I'm building a straightforward processing pipeline where an item is fetched as an input, it is being operated by multiple processors in a sequential manner and finally it is output. Image below describes the overall architecture:
The way it is currently working: Pipeline is fetching items from the provider as quickly as it can. As soon as an item is fetched, it is passed to the processors. Once an item is processed, the output is notified.
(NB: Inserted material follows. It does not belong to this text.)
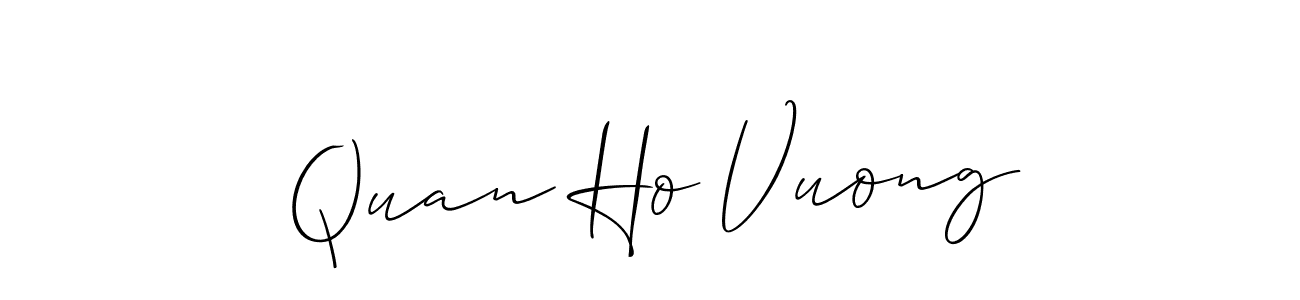 It looks lik you need a new signature style for name Quan Ho Vuong. Design unique handwritten (Allison_Script) signature with our free signature maker in just a few clicks. Quan Ho Vuong signature style 2 images and pictures png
While an individual item is processed in a sequential manner, multiple items may be processed in parallel (depending on how fast they are fetched from the provider).
The IObservable
created and returned from the pipeline looks like this:
return Observable.Create<T>(async observer =>
{
while (_provider.HasNext)
{
T item = await _provider.GetNextAsync();
observer.OnNext(item);
}
}).SelectMany(item => Observable.FromAsync(() =>
_processors.Aggregate(
seed: Task.FromResult(item),
func: (current, processor) => current.ContinueWith( // Append continuations.
previous => processor.ProcessAsync(previous.Result))
.Unwrap()))); // We need to unwrap Task{T} from Task{Task{T}};
The missing part: I need a control mechanism which controls how many items (max) can be in the pipeline at any given time.
For example, if max parallel processings is 3, then that would result in the following workflow:
- Item 1 is fetched and passed to the processors.
- Item 2 is fetched and passed to the processors.
- Item 3 is fetched and passed to the processors.
- Item 1 completed processing.
- Item 4 is fetched and passed to the processors.
- Item 3 completed processing.
- Item 5 is fetched and passed to the processors.
- Etc...